#### [Exercise directions]
The full listing, exactly as written and with no images, is the expected output.

#### [Supplied material]
==========
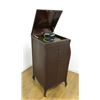 Image 2 : Mahogany Victor Stand Up Victrola
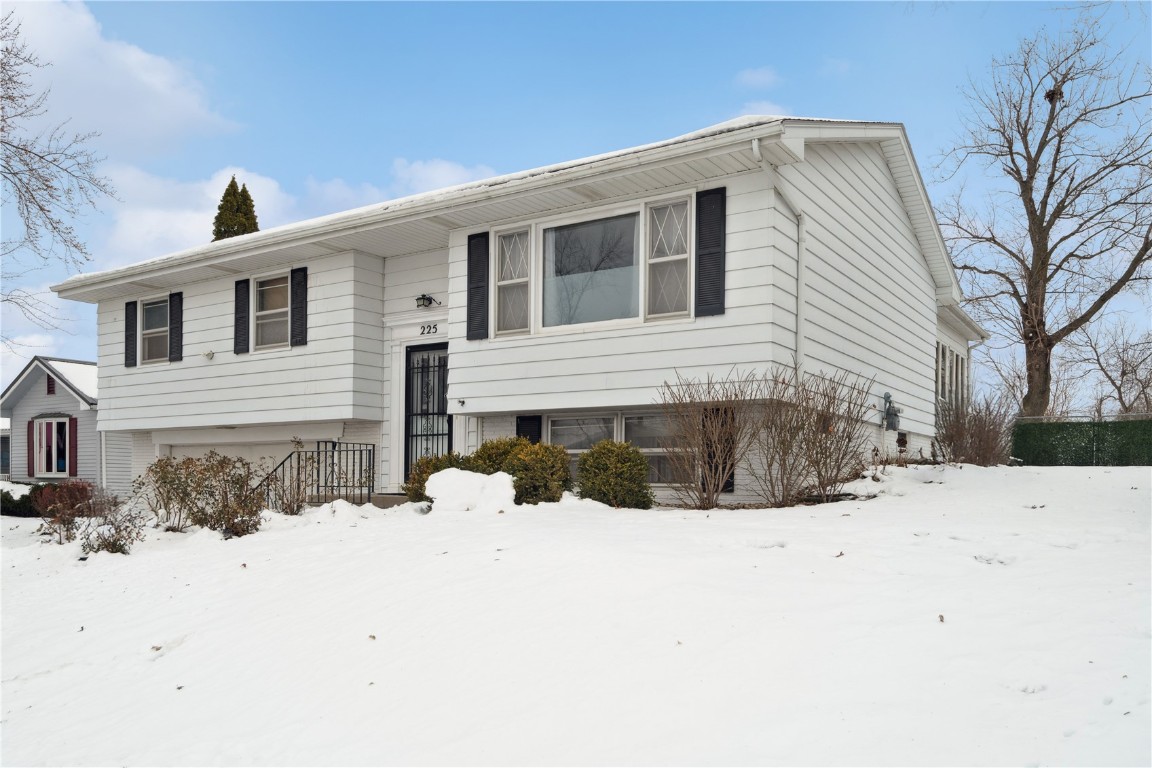 225 31st Street NW Cedar Rapids IA 52405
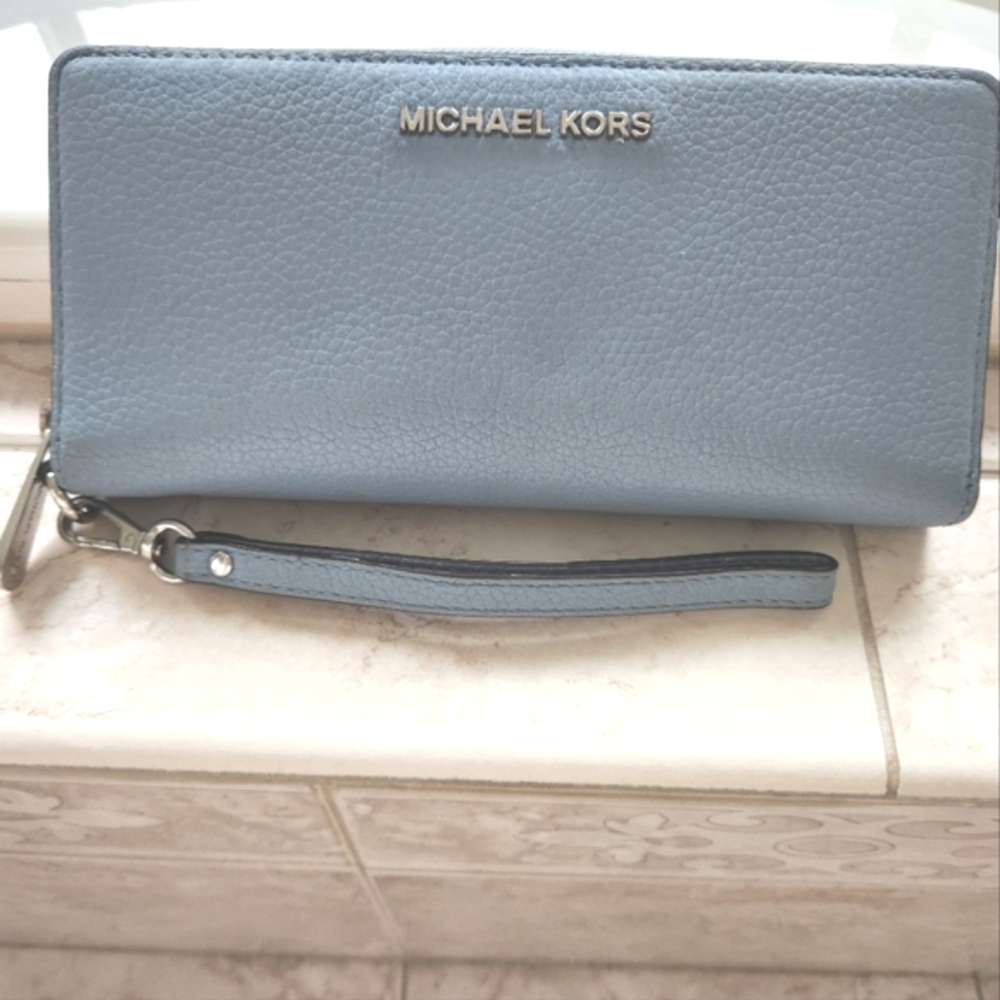 MICHAEL KORS  Large Pebbled Leather Continental Wallet Pale Ocean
==========
#### [Written response]
 Image 2 : Mahogany Victor Stand Up Victrola
 225 31st Street NW Cedar Rapids IA 52405
 MICHAEL KORS  Large Pebbled Leather Continental Wallet Pale Ocean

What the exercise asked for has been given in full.